Zardari denies Pak-US gunfire exchange

28 Sep, 2008

President Asif Ali Zardari has denied that American and Pakistani forces exchanged fire along the Pak-Afghan border this week, even as the chairman of the US Joint Chiefs of Staff acknowledged that the two sides engaged in a brief firefight.
Zardari told The Washinton Post in an interview the other day that Pakistani border forces shot warning flares Thursday at two US helicopters that he believes inadvertently crossed into Pakistani territory from Afghanistan. He said there was no gunfire exchanged between the two sides. "We fired flares at them," he said.
Zardari spoke at about the time that Admiral Michael Mullen, chairman, Joint Chiefs of Staff, told reporters in Washington that Pakistani forces fired on two US helicopters supporting a ground unit on Thursday and that American troops responded with small-arms fire.

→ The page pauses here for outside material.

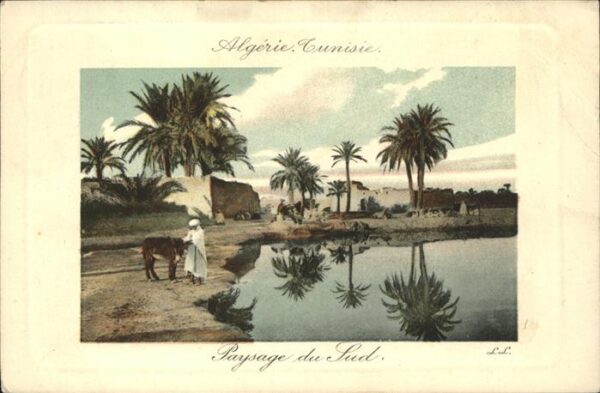 Algerien Paysage du sud Esel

"There was a cross-border fire incident yesterday," Mullen said, corroborating reports from US and Nato military officials. He urged both sides not to "overreact to the hair-trigger tension we are all feeling. Now, more than ever, is a time for teamwork, for calm."
One day after blasting the United States for violating Pakistani territory in a speech before the UN General Assembly, Zardari had sought to defuse tensions between the two countries and present Pakistan to the American public as a reliable ally in the US-led fight against terrorism.
Zardari played down the significance of American incursions into Pakistan in recent weeks, referring to a September 3 operation that led Pakistan to accuse US commandos of killing 20 people in a South Waziristan village as a "one-off" incident. He praised President Bush's leadership in the fight against terrorism. "Obviously, the world is a safer place," he said. "It could have been worse."
At the same time, Zardari warned that "the axis of evil is growing." He cited last Saturday's massive bombing at the Marriott Hotel in Islamabad, which killed more than 50 people, and pressed the Bush administration to step up intelligence co-operation with Pakistan to help confront militants. "God has given us the opportunity to do the job," he said. "I think Pakistan has the right credentials and I have the right credentials and strength to face them. I've been through a tough life and that tough life has prepared me to become even tougher."
Pakistan's fledgling democratic government received a show of support on Friday at the United Nations from a coalition of countries - called the Friends of Pakistan and led by the United States, Britain and the United Arab Emirates - that pledged economic aid and political support to help the government in the struggle against terrorism.